Dalam pengajian nyeri ada beberapa hal yang harus dikaji secara teliti untuk
mengetahui seberapa parah intensitas yang di alami oleh paseien yaitu Provokes/palliates
(penyebab nyeri), Quality (kualitas/rasa nyeri: ditusuk, teriris, terbakar atau direma)
Region (area nyeri), Scale (sekala) dan Time (waktu). Pengkajian nyeri menurut Powel et
al (2010) dan Krohn (2002) terdiri dari precipitating (memperberat dan meringankan),
quality, region/radiasi (area nyeri), scale (skala) dan timing (waktu). Pengkajian skala
nyeri merupakan pengkajian untuk menentukan keparahan atau intensitas nyeri yang
dirasakan pasien. Saat melakukan pengkajian nyeri pada pasien didapatkan penyebab
nyeri adalah terdaat radang ditenggorokan, nyeri terasa perih, nyeri terjadi pada
tenggorokan, sekala 4 dan nyeri terjadi pada saat batuk dan menelan.

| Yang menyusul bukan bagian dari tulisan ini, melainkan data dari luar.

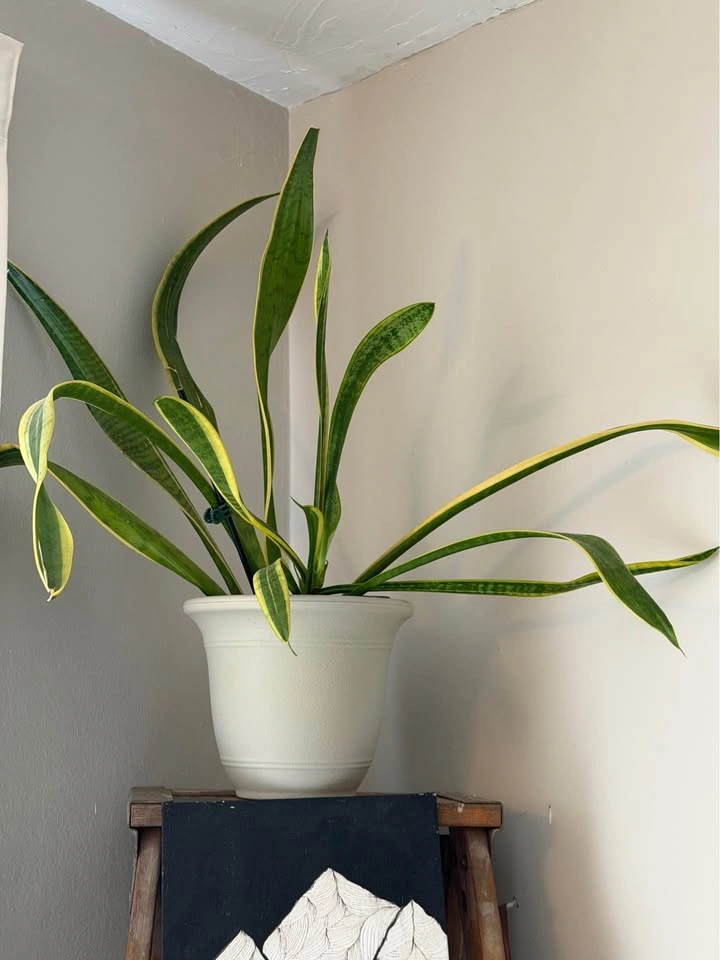 Plants - photo 3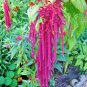 USA Seller AMARANTHUS LOVE LIES BLEEDING Flower 500 Seeds Seeds USA Seller Garden Full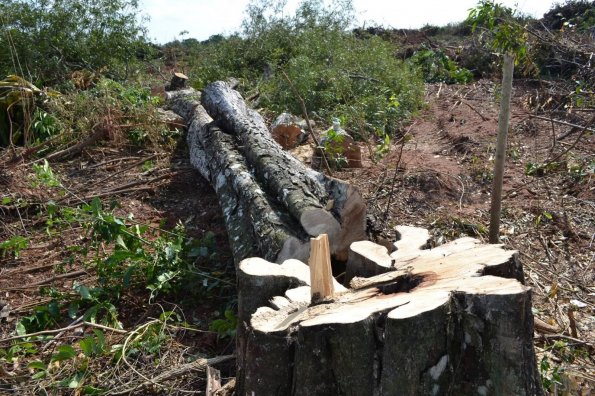 La deforestación se redujo fuertemente en Sudamérica en la última década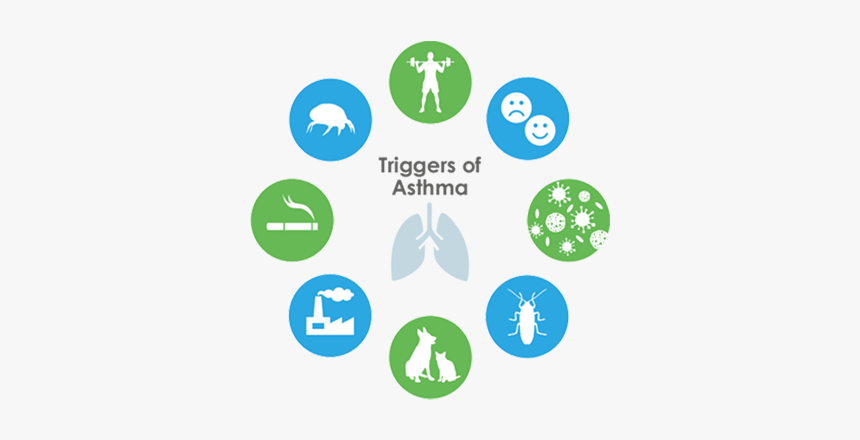 Trigger1 - Asthma Triggers Png, Transparent Png, Free Download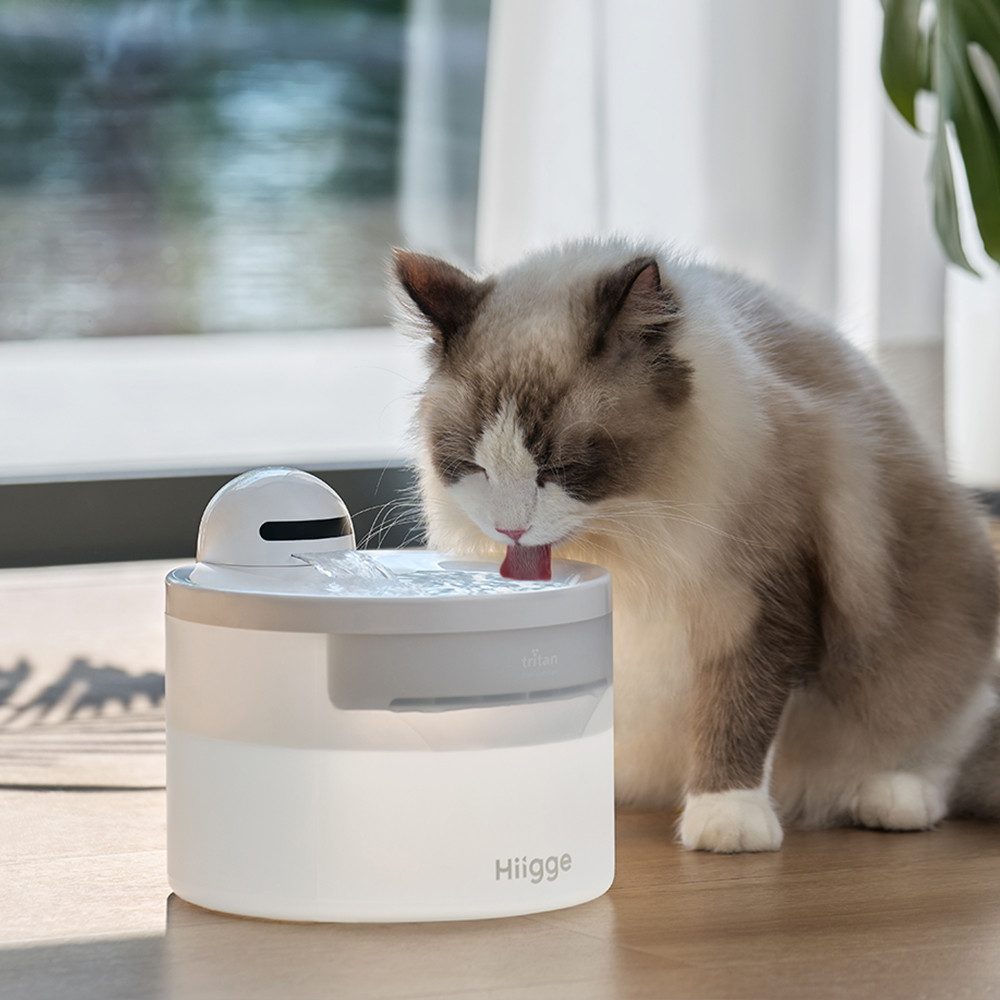 Hiigge Trinkbrunnen Snowball für Katze 2.3 günstig online kaufen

Penilaian sekala nyeri dapat dilakukan dengan beberapa cara yaitu penilaian dengan
menggunakan Visual Analogue Scale, Numeric Pain Rating Scale, Verbal Rating Scale
dan Faces Pain Rating Scale. Disini penulis menggukur skala nyeri dengan
menggunakan Numeric Pain Rating Scale atau penilaian menggunakan sekala nomor.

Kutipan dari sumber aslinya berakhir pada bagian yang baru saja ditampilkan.